Insects with cream and sugar your future? My past
A recipe for hazelnut meringue and raspberries cake
In the summers before we became squeamish teenagers, my sister and I ate maggots, with cream and sugar. Not deliberately, you understand. The tiny insects squirmed at the bottom of the raspberries we plucked from the canes in the netted cage of our father’s garden, raspberries never sprayed against winged and other invaders. If we had stomped on the berries containing these single white curls - there was only ever one in each, there would never have been enough raspberries to fill our summer bowls with the glories.
Raspberry maggots don’t seem to be among the 17 insects just approved by the Singapore government as safe for human consumption, the four crickets, two grasshoppers, one locust and single bee (drone not honey), plus, in their larval stage, three kinds of mealworm, one white grub and a giant rhino beetle grub, as well as silkworm moths and silkworms. Singapore is already ahead of the meat-replacement game, the first country to sanction cultured lab-grown meat and Solein, a fermented single-cell organisms powder. A quick glance at its map demonstrates just how vulnerable is its food supply.
There are 195 countries in the world. 128 of them eat insects, chowing down on around 2,205 species.
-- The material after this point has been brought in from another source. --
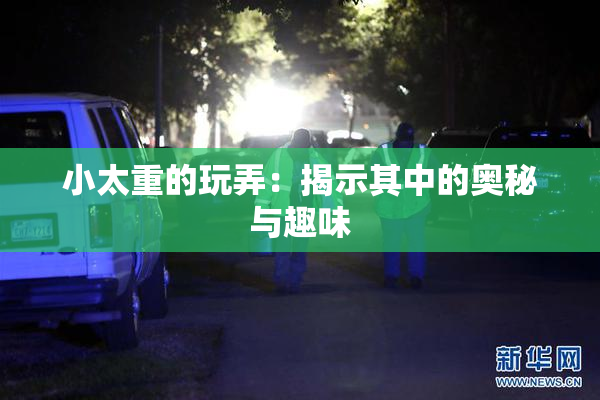 小太重的玩弄：揭示其中的奥秘与趣味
Hundreds of different creepie-crawlies are consumed in Asian countries, followed by Central and South America, then several African nations, and ethnic groups in Australia and New Zealand. Japan, too, has seen an increase in entomophagy (insect eating) since 2013. The US, the UK and the EU? Don’t ask. The only pests that engage our concern are the ones that zoom into our cashmere collections.
Eighty percent of the world, says the Food and Agriculture Organization of the United Nations, is happy to eat something with more than four feet. Yet countries in the developed world anxious for a decrease in the eating of meat seem as reluctant to tackle consuming insects as insect-eating countries are eager to move on to eating cattle.
The EU says it’s in the process of approving a greater number of insects as “a novel food source”. But with a speed akin to the one it applies to ratifying nations wishing to join the European Union, so far it has given the OK to only four. Australasia is moving at a similar pace, endorsing one cricket and two kinds of mealworm as “non-novel, non-traditional” food sources.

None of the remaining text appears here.